Distillate Stocks Are Important Part of Northeast Winter Supply
- The weather alone was not enough to cause the price spike. The low stocks left the area vulnerable to sudden changes in the market, such as the weather change. Why do stocks matter in the Northeast?
- Stocks are normally an important part of PADD 1 winter distillate supply. Over the last 5 years, PADD 1 stocks provided about 15% of supply during the peak winter months of January and February. They are the closest source of supply to the consumer. PADD 1 depends on about 60% of its supply from distant sources such as the Gulf Coast or imports, which can take several weeks to travel to the Northeast. Even product from East Coast refineries, if capacity is available, may take a week before it is produced and delivered to the regions needing new supply. Thus, stocks must be able to meet supply deficits for some time before much new supply can can arrive.

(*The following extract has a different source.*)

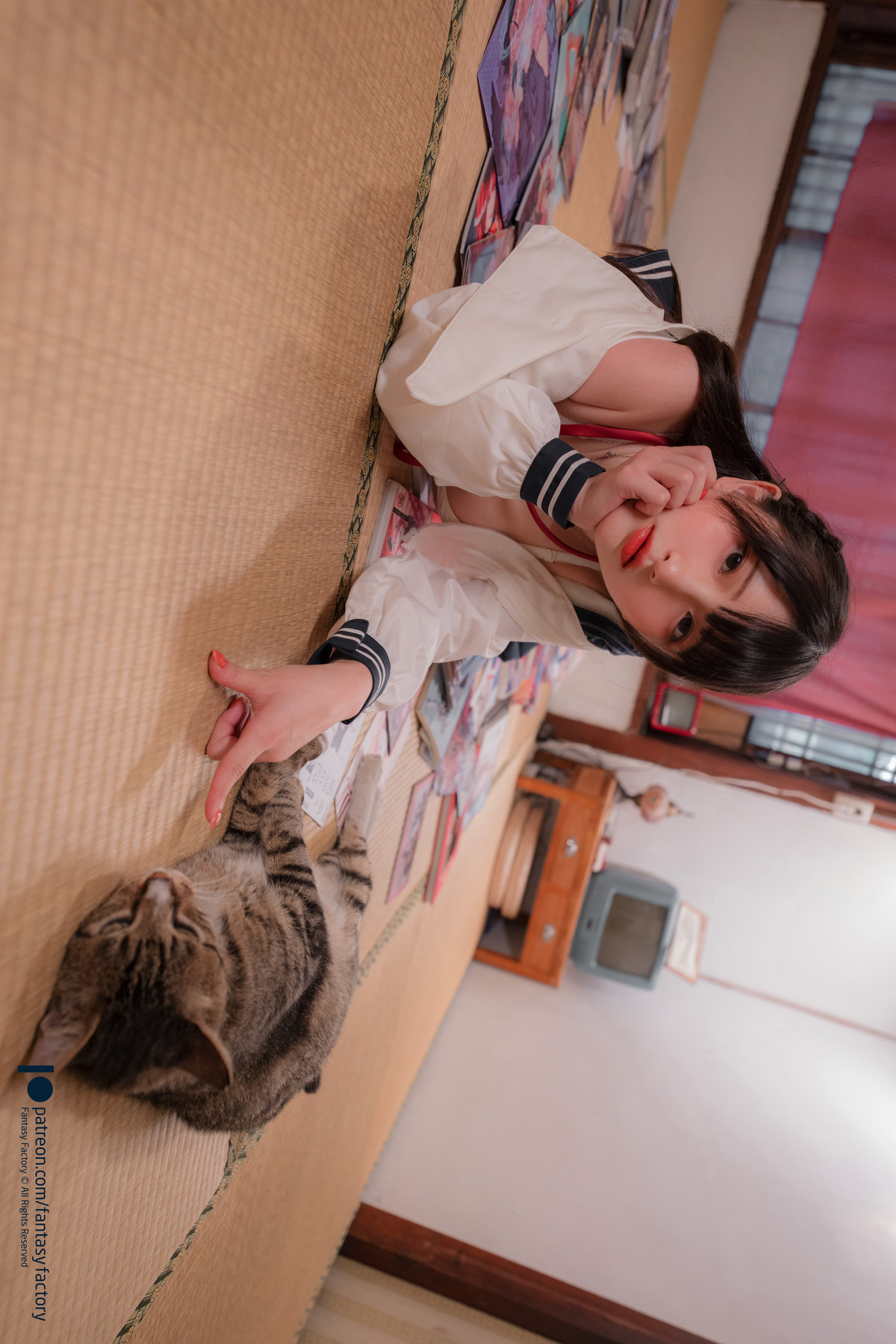 Fantasy-Factory-小丁-Patreon-女子高生-02-02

- In PADD 1 this past January, stocks supplied 566 thousand barrels per day or 34 percent of total distillate demand, compared to the usual 16 percent. The high sulfur stocks alone fell 481 thousand barrels per day, covering 48 percent of the East Coast high sulfur heating oil demand that month.
- While other regions had low stocks and cold weather, the Northeast saw the unusual heating oil and diesel fuel price surges as a result of:
- Its being the largest regional market in the country for heating oil, representing about two thirds of total U.S. heating oil used during the peak winter demand months;
- Its heavy reliance on stocks during the peak winter demand months;
- Its reliance on waterborne supply that can be affected by cold weather; and
- Its large, short-term swings in demand coming from the large utility and interruptible gas consumers jumping into the heating oil market, on top of the increase in demand from home heating oil customers.